Search code examples
machine-learningrandom-forestdecision-tree

What is bootstrap dataset in random forest?


Random forests train multiple CARTs on bootstrapped samples of training data. Few places say that the bootstrapped sample has a subset of original features (like this) and few of the places say that the bootstrapped sample has all the original features and the feature samplign happens at each node from a set of all the features in the original training data. Most of the resources don't touch this point and are mostly a copy paste form each other

Can you tell which of the following two is part of the random forest algorithm

Lets us say my original set of features is S.

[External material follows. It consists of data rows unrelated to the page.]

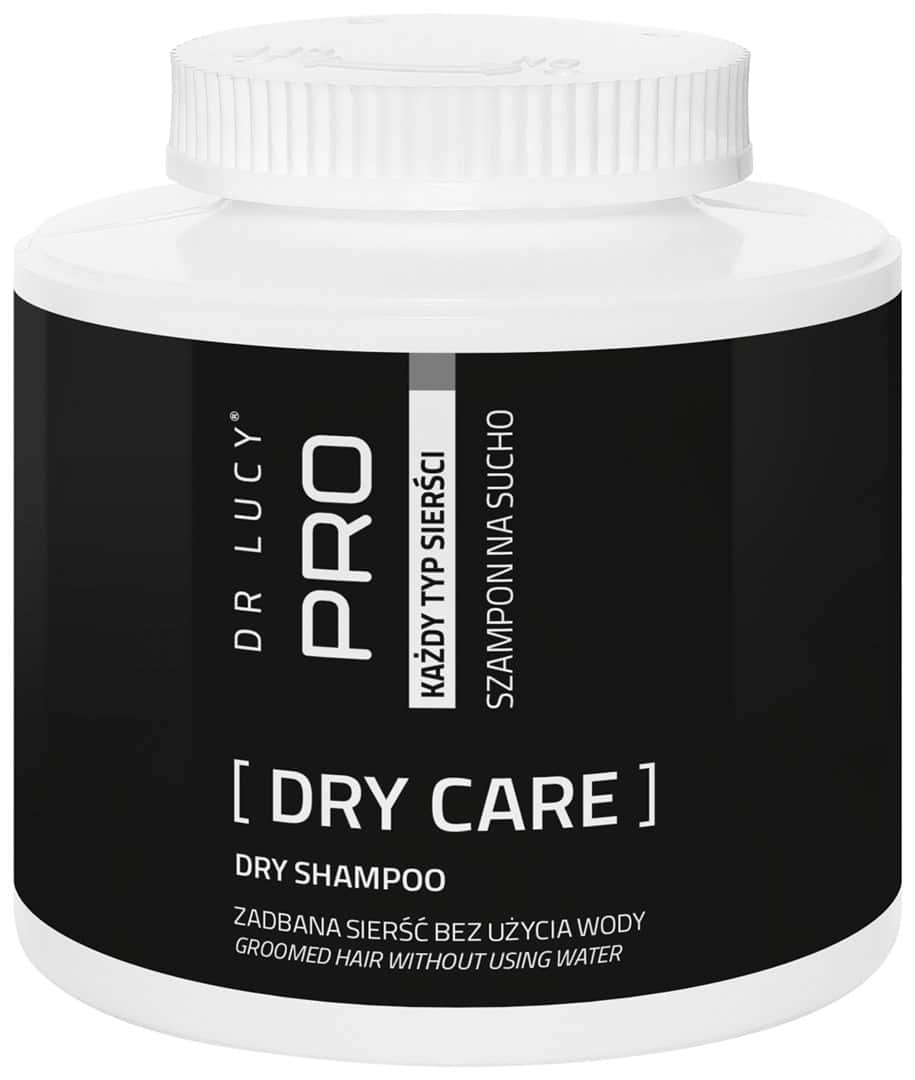DR LUCY PRO DRY CARE 50 G - Szampon na Sucho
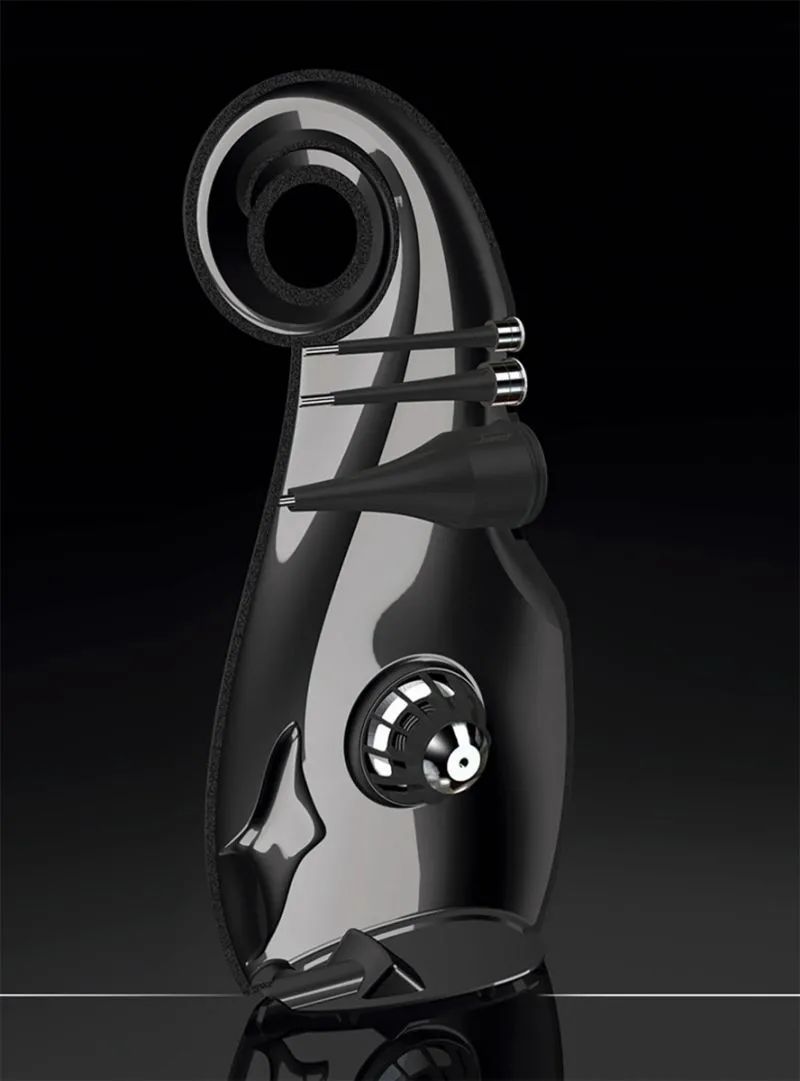 它有种魅力，让你还想听更多VividAudioGiyaG2落地音箱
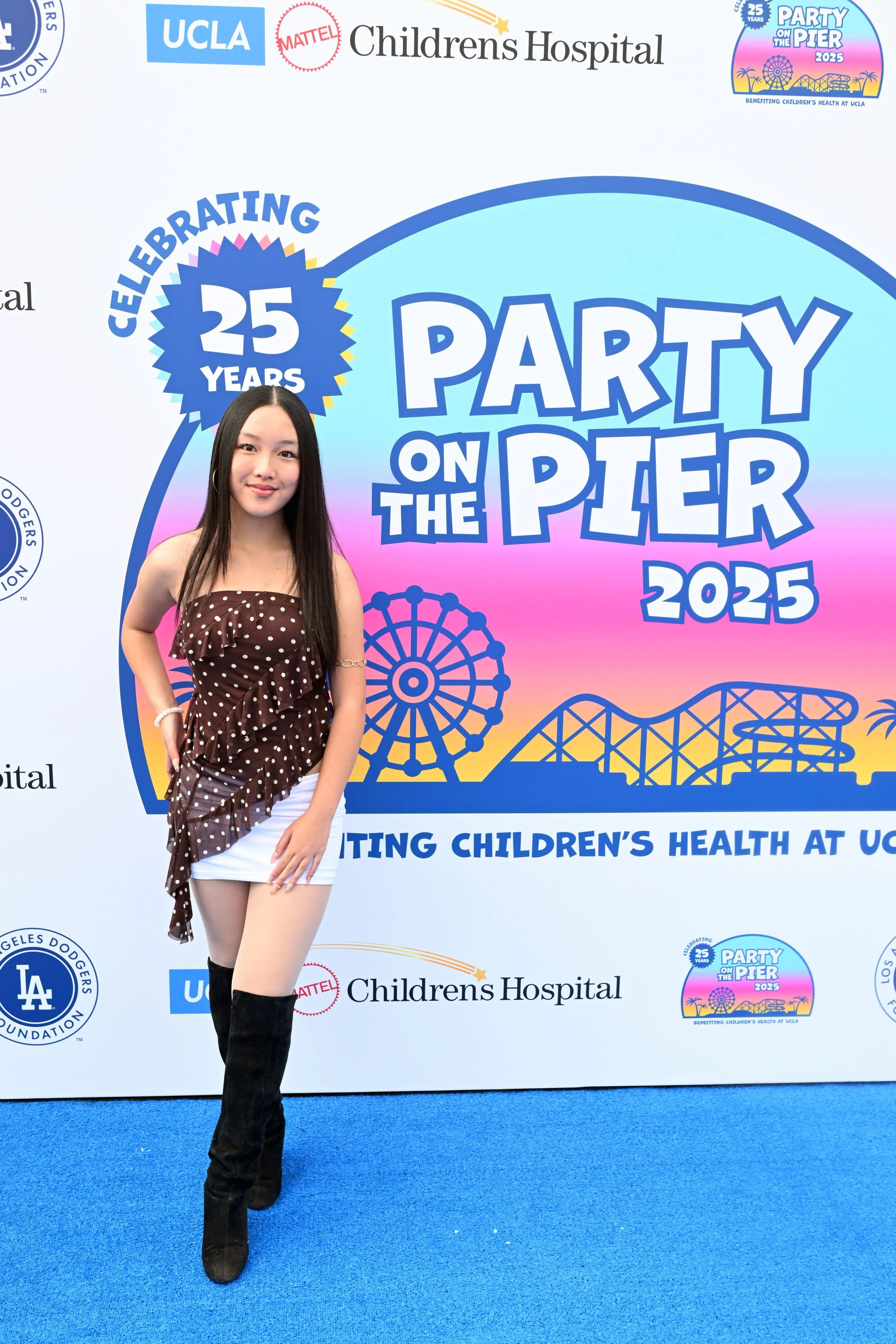  Photo: Getty Images for UCLA Health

  1. I subset from S for each node of every tree.
  2. I randomly subset S1 for a given tree and then subset from S1 for every node of that particular tree.

Which one (1 or 2) is it?


Solution

  • Both, the documentations of scikit-learn's RandomForestClassifier (link) as well as RandomForestRegressor (link) refer to Breiman, “Random Forests”, Machine Learning, 45(1), 5-32, 2001.

    Breiman writes

    “… random forest with random features is formed by selecting at random, at each node, a small group of input variables to split on.”

    So it is the first of your choices.

    Have a look at this thread for the background: In Random Forest, why is a random subset of features chosen at the node level rather than at the tree level?